When the guards entered to see Cleopatra she was already dead. They found the 39-year old queen dead on her golden bed, with her maid Iras dying at her feet. Her other maid, Charmion, was adjusting Cleopatra's crown, and she too fell over dead. Two pricks were found on Cleopatra's arm, and it was believed that she had allowed herself to be bitten by an asp (a kind of poisonous snake). As she had wished, she was buried beside Antony. Though that is a subject for conjecture.

She died on August 12, 30 BC at the age of 39. The Egyptian religion declared that death by snakebite would secure immortality. With this, she achieved her dying wish, to not be forgotten - and some.

The only other ruler to cast a shadow on the fascination with Cleopatra was Alexander who was another Macedonian.

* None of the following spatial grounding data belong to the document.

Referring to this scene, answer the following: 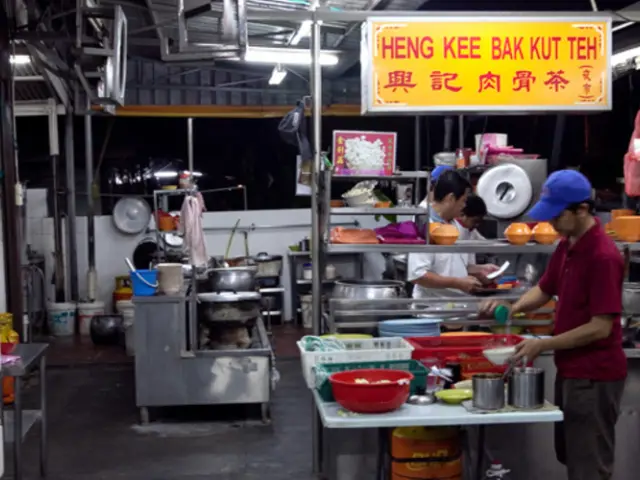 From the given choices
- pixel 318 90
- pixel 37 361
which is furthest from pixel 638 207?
pixel 37 361

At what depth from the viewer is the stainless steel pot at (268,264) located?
9.91 metres

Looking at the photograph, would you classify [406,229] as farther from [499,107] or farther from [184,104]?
[184,104]

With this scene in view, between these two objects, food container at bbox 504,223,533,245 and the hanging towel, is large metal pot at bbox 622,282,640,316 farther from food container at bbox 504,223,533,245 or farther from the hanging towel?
the hanging towel

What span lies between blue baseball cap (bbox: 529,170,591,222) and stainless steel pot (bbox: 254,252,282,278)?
6.91 metres

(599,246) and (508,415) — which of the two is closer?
(508,415)

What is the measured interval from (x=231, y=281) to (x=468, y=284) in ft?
8.35

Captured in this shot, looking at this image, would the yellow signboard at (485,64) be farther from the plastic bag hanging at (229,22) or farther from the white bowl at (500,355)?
the white bowl at (500,355)

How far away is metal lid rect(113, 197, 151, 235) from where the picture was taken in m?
9.94

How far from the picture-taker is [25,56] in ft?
27.2

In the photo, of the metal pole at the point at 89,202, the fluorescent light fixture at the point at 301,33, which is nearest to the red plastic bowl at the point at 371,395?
the fluorescent light fixture at the point at 301,33

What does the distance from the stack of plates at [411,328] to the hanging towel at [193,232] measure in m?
4.12

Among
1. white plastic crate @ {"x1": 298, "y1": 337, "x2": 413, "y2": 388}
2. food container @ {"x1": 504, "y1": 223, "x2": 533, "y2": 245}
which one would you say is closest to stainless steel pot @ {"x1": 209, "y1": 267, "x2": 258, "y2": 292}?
food container @ {"x1": 504, "y1": 223, "x2": 533, "y2": 245}

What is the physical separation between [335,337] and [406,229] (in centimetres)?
97

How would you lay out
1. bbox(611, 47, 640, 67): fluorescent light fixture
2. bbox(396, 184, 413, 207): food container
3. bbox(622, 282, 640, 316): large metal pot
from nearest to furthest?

After Cleopatra's death, Caesarion was strangled and the other children of Cleopatra were raised by Antony's wife, Octavia.

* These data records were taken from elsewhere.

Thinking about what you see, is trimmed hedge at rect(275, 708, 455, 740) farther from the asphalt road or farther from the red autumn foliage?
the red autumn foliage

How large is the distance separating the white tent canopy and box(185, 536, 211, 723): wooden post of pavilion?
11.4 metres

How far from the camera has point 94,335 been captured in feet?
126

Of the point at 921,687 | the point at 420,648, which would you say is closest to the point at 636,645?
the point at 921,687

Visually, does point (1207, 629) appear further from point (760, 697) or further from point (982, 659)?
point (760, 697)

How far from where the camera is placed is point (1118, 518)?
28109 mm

Her death was the mark of the end of the Egyptian Monarchs. The Roman Emperors came into to rule in Egypt.





The Egyptian queen Cleopatra is given a second chance at life, when she is digitally reincarnated from her own mummy DNA



Cloning technology is developing apace, with computer speeds always on the increase. Making the assumption that Cleopatra took as much care about her demise, as she took over her appearance, costumes and cosmetics, it is possible that she knew how best to preserve herself, to be suitably preserved, for when the modern world was ready for her. That was not to be mummification in the conventional sense. But super mummification with sophisticated embalming and cleansing of the body, in preparation for ceremonial wrapping and immersion in ethanol and salt solution. The Pharaoh queen knew that Thonis was sinking into the Mediterranean. Conceivably then, she would have known to make her sarcophagus watertight. As her temple mausoleum was in a vulnerable location.

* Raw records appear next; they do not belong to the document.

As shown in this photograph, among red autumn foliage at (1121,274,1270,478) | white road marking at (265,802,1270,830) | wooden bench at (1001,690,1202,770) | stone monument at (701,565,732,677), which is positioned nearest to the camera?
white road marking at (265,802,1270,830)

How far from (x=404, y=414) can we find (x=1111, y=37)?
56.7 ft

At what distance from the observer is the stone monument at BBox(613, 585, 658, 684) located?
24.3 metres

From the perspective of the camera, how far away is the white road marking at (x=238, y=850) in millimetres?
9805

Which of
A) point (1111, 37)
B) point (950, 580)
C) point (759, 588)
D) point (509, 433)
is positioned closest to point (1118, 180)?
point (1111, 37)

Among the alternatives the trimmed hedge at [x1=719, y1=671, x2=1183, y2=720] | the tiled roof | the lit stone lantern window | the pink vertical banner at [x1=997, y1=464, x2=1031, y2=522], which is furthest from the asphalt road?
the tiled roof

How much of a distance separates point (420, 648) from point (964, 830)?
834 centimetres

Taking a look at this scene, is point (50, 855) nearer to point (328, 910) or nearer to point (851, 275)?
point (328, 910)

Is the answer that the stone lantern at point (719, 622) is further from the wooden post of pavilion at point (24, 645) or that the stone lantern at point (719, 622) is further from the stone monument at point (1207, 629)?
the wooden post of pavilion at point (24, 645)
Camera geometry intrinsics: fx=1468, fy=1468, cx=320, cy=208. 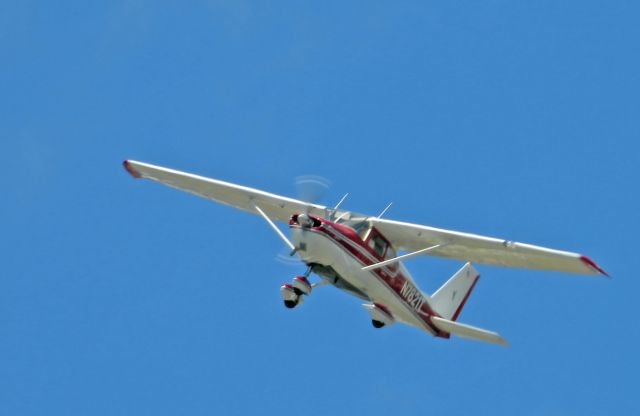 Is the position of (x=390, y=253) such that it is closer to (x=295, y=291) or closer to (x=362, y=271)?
(x=362, y=271)

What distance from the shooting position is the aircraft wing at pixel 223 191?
33719 mm

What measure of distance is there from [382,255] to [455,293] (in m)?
3.54

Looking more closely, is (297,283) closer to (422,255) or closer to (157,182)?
(422,255)

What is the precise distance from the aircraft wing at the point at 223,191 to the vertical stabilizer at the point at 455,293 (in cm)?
394

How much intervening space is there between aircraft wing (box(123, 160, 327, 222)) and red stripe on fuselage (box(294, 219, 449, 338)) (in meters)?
1.98

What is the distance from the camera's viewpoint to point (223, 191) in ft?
114

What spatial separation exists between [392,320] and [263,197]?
428 centimetres

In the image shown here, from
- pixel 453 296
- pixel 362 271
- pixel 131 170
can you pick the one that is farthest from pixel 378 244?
pixel 131 170

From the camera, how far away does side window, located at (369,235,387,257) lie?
31797 mm

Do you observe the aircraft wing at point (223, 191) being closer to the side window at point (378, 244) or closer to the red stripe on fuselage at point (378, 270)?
the side window at point (378, 244)

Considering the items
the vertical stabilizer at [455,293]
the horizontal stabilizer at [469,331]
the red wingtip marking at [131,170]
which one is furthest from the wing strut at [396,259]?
the red wingtip marking at [131,170]

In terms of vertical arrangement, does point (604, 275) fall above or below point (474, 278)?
below

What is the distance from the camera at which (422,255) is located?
3216 centimetres

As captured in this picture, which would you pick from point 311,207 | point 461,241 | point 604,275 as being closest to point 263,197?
point 311,207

Cleopatra Mummy mask portrait    



SHADES OF CLEOPATRA - Over five thousand years ago, the ancient Egyptians used eye shadow, not only for cosmetic but practical purposes as well. Dark pigment painted around the eye helped protect the eye from the bright midday sun glaring off the desert sands. The earliest eye paint in ancient Egypt was a thick, bright green paste made from the mineral malachite.

By the time Queen Cleopatra came to power in the 1st century BC, Egyptian women had at their disposal a whole rainbow pallete of cosmetics, all of which were made from rocks, minerals, and plants in the region. Cleopatra used the bright green malachite paste of the ancient Egyptians on her lower eyelids.





Though Cleopatra bore the ancient Egyptian title of pharaoh, the Ptolemaic dynasty was Hellenistic, having been founded 300 years before by Ptolemy I Soter, a Macedonian Greek general of Alexander the Great. As such Cleopatra's language was the Greek spoken by the Hellenic aristocracy, though she was reputed to be the first ruler of the dynasty to learn Egyptian. She also adopted common Egyptian beliefs and deities. Her patron goddess was Isis, and thus during her reign it was believed that she was the re-incarnation and embodiment of the goddess of wisdom. Her death marks the end of the Ptolemaic Kingdom and Hellenistic period and the beginning of the Roman era in the eastern Mediterranean.





To this day Cleopatra remains a popular figure in Western culture. Her legacy survives in numerous works of art and the many dramatizations of her story in literature and other media, including William Shakespeare's tragedy Antony and Cleopatra, Jules Massenet's opera Cléopâtre and the 1963 film Cleopatra. In most depictions, Cleopatra is put forward as a great beauty and her successive conquests of the world's most powerful men is taken to be proof of her aesthetic and sexual appeal. In his Pensées, philosopher Blaise Pascal contends that Cleopatra's classically beautiful profile changed world history: "Cleopatra's nose, had it been shorter, the whole face of the world would have been changed."